Tomorrow Obama is expected to make a big speech in Ghana, announcing a new American policy for food security in the Global South. There's a tiny bit of good in what he will announce - and a whole lot of bad. On the occasion of its Italy meeting, the G8 released a statement on food security that recognizes the need and the urgency for action. They say:
Effective food security actions must be coupled with adaptation and mitigation measures in relation to climate change, sustainable management of water, land, soil and other natural resources, including the protection of biodiversity.
That much is good, but sadly, they also call for more free trade, even after the ample amount of proof we already have that free trade policies (particularly coupled with the government subsidies in developed countries) harm food security rather than helping it. Their failure - and Obama's failure - to recognize the problems caused by free trade is nothing short of tragic.

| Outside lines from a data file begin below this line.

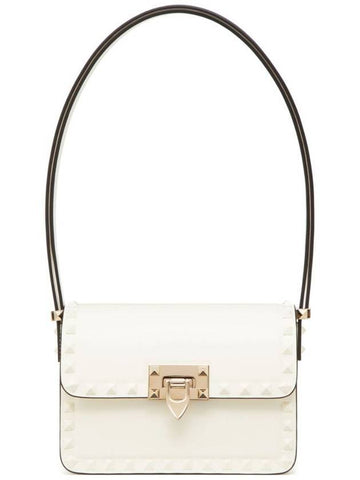 Small Rockstud 23 Calfskin Shoulder Bag White - VALENTINO - BALAAN 1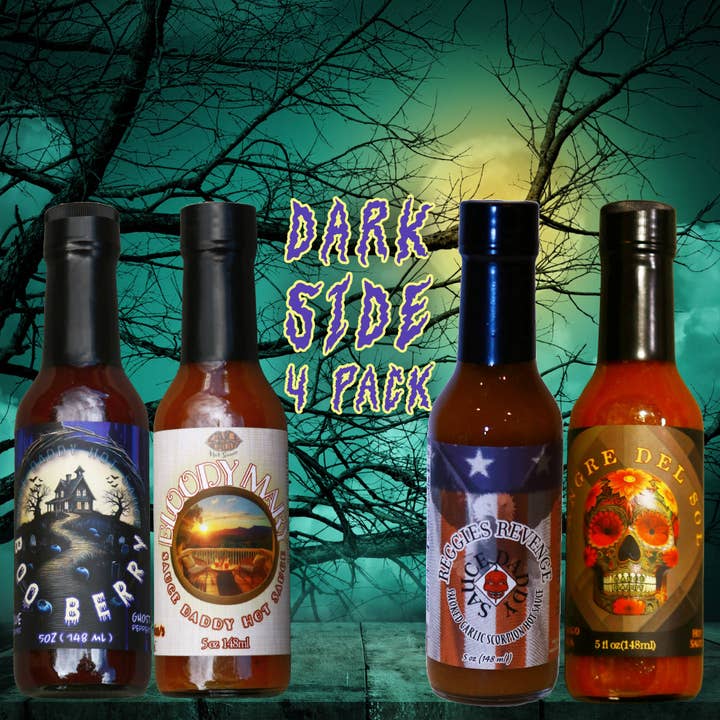 Darkside Four-pack for wholesale by Sauce Daddy Hot Sauce LLC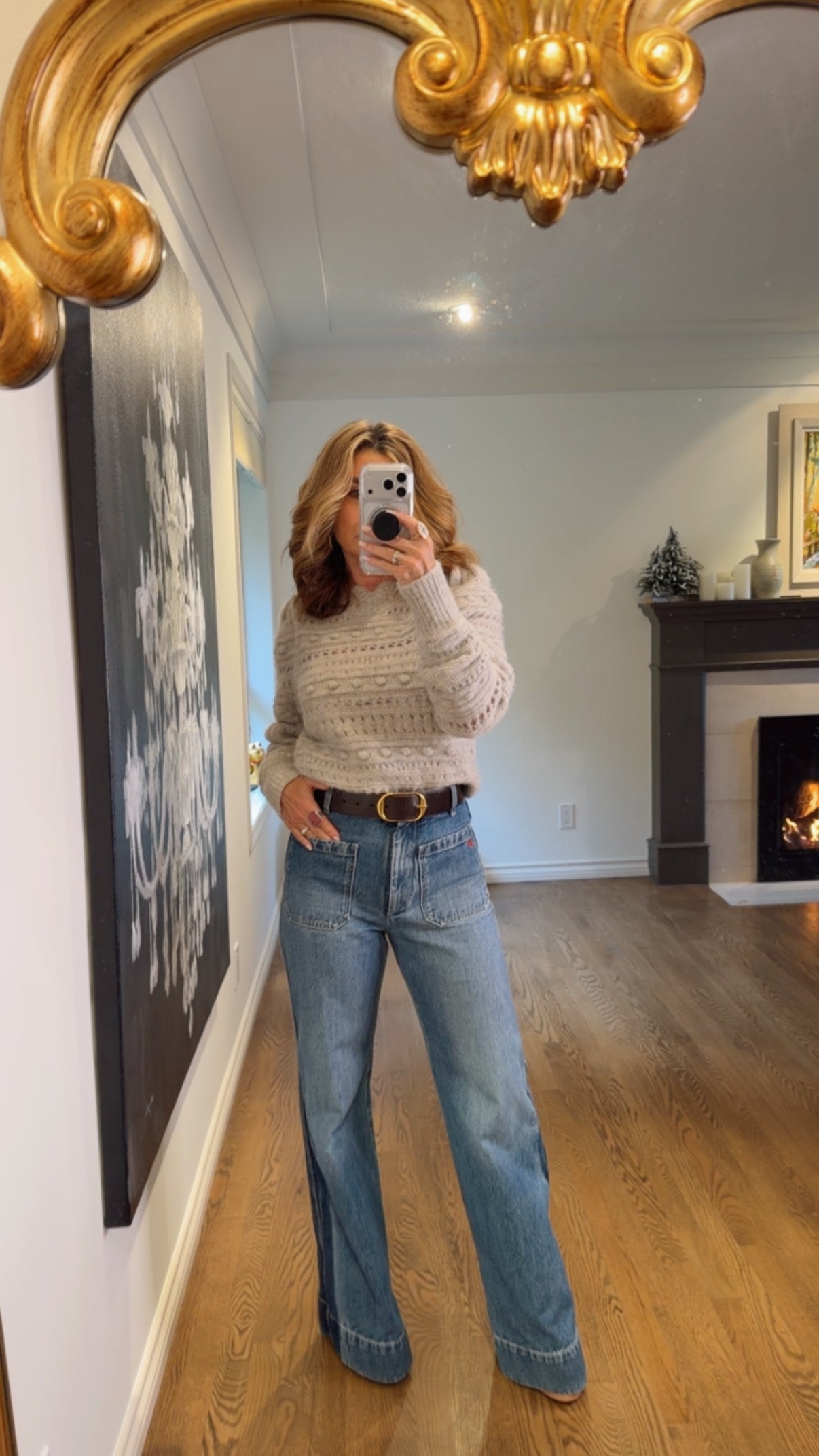 Victoria Beckham Alina High Waisted Jean In Shadow Wash, size 26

So where's the good part I spoke of? Well, the U.S. is shifting from a "give a man a fish" strategy to a "teach a man to fish" strategy. Instead of shipping American-grown food to the developed world, we will focus on helping needy countries produce enough to feed themselves. And that much is fantastic - almost.
The problem is - and this is a big problem - the U.S. has no interest in taking the scientific, peer-reviewed, global consensus approach to global agriculture. We'd prefer to go a different route, one which has been dismissed by experts but embraced by multinational corporations.